Give back every line of the data exactly. Pictures are not part of the copy.

**Stored data**:
══════
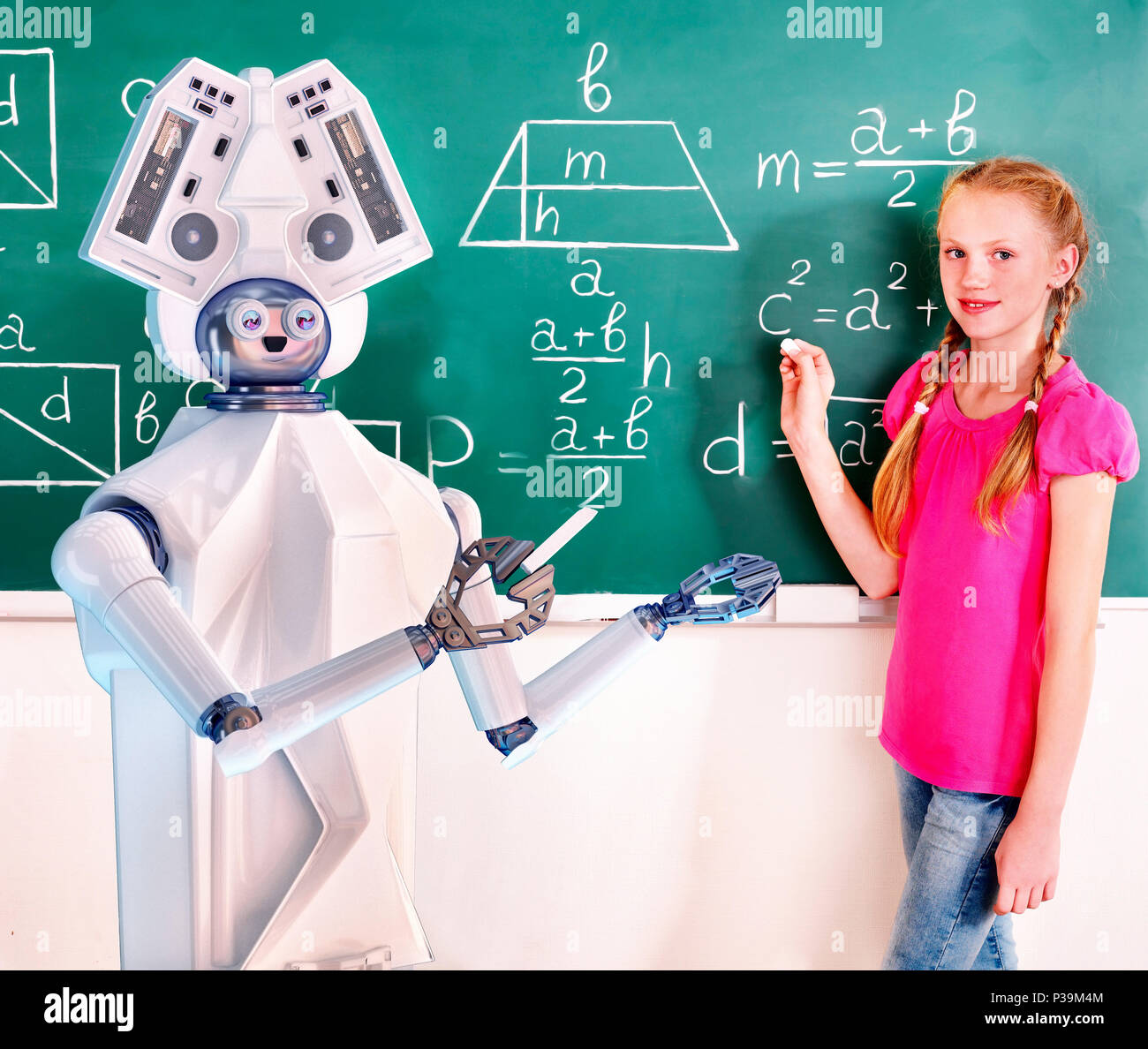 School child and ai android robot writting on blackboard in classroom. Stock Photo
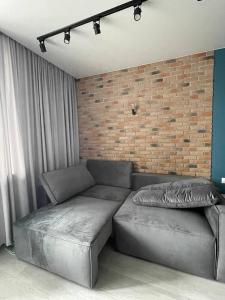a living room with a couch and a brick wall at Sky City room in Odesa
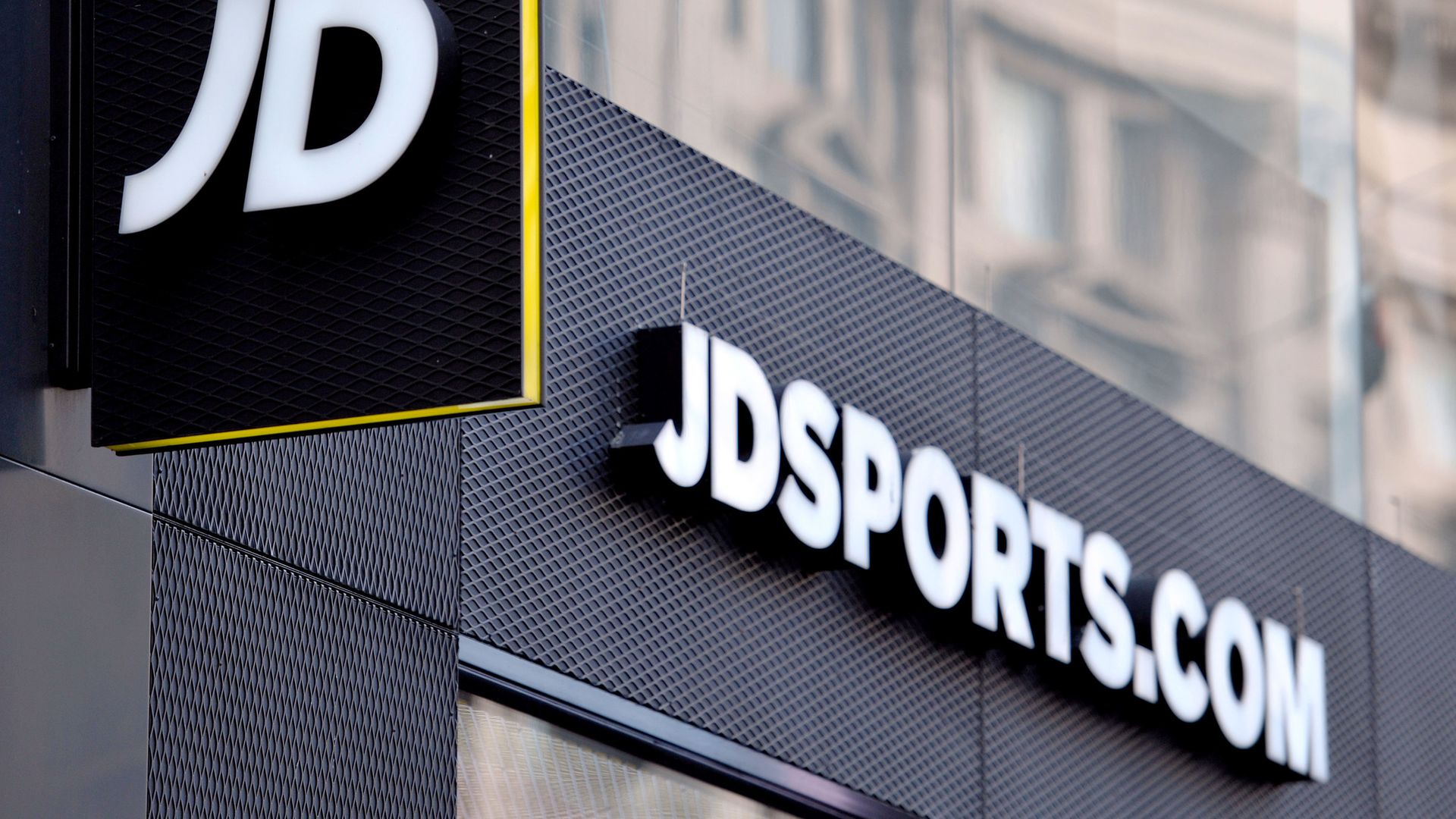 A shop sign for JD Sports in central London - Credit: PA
══════
**Answer below**:
 School child and ai android robot writting on blackboard in classroom. Stock Photo
a living room with a couch and a brick wall at Sky City room in Odesa
 A shop sign for JD Sports in central London - Credit: PA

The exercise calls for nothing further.